- Work instruction: The listing below should be printed again word for word, without any images.

- Material supplied:
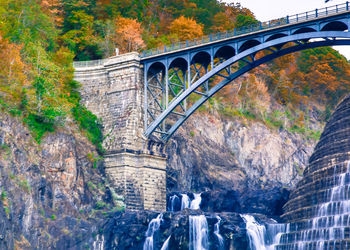 Arch bridge over river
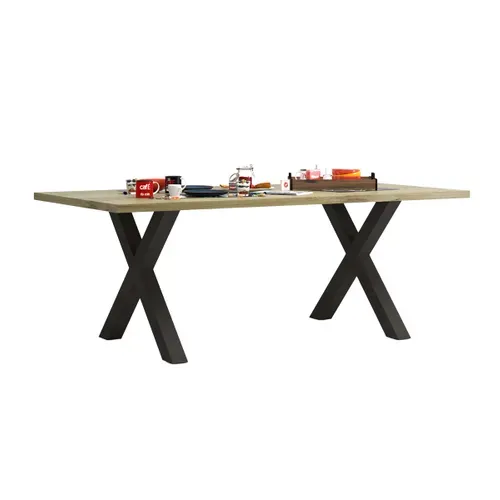 Table L.200 cm pieds en X BAXTER imitation chêne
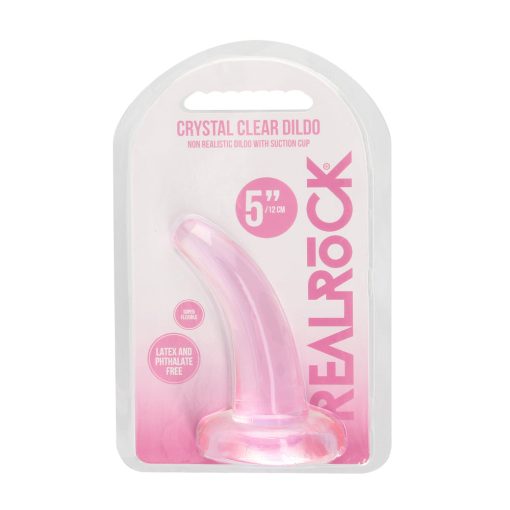 Realrock Crystal Clear Non-Realistic 5 In. Curved Dildo With Suction Cup Pink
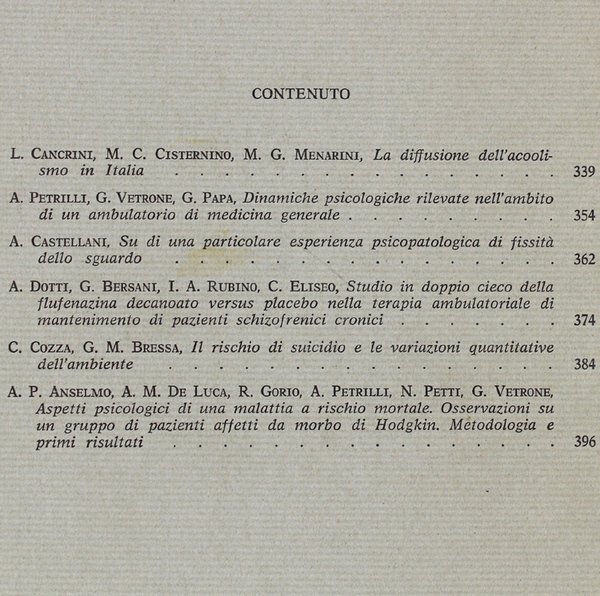 RIVISTA DI PSICHIATRIA. Vol.XIV - N.5 settembre/ottobre 1979.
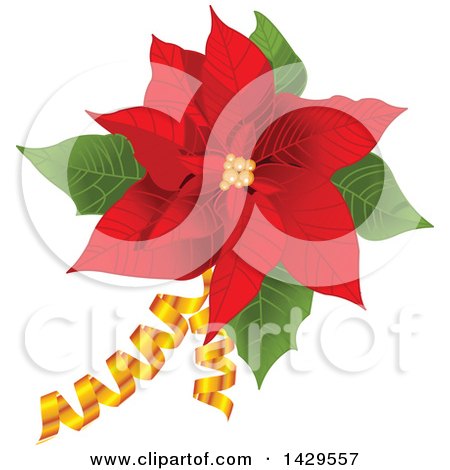 Clipart of a Red Poinsettia with Golden Ribbons - Royalty Free Vector Illustration by Pushkin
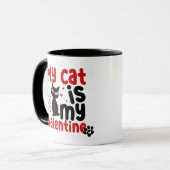 Mug Mignonne "Mon chat est ma Saint Valentin" (Devant gauche)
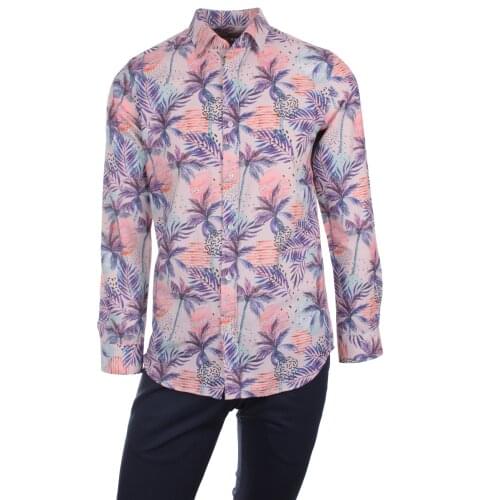 Gentilbay Mens Hawaiian Jungles Printed Pink Slimfit Long-Sleeve Sport Shirt DPD144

- Task result:
 Arch bridge over river
 Table L.200 cm pieds en X BAXTER imitation chêne
 Realrock Crystal Clear Non-Realistic 5 In. Curved Dildo With Suction Cup Pink
 RIVISTA DI PSICHIATRIA. Vol.XIV - N.5 settembre/ottobre 1979.
 Clipart of a Red Poinsettia with Golden Ribbons - Royalty Free Vector Illustration by Pushkin
 Mug Mignonne "Mon chat est ma Saint Valentin" (Devant gauche)
 Gentilbay Mens Hawaiian Jungles Printed Pink Slimfit Long-Sleeve Sport Shirt DPD144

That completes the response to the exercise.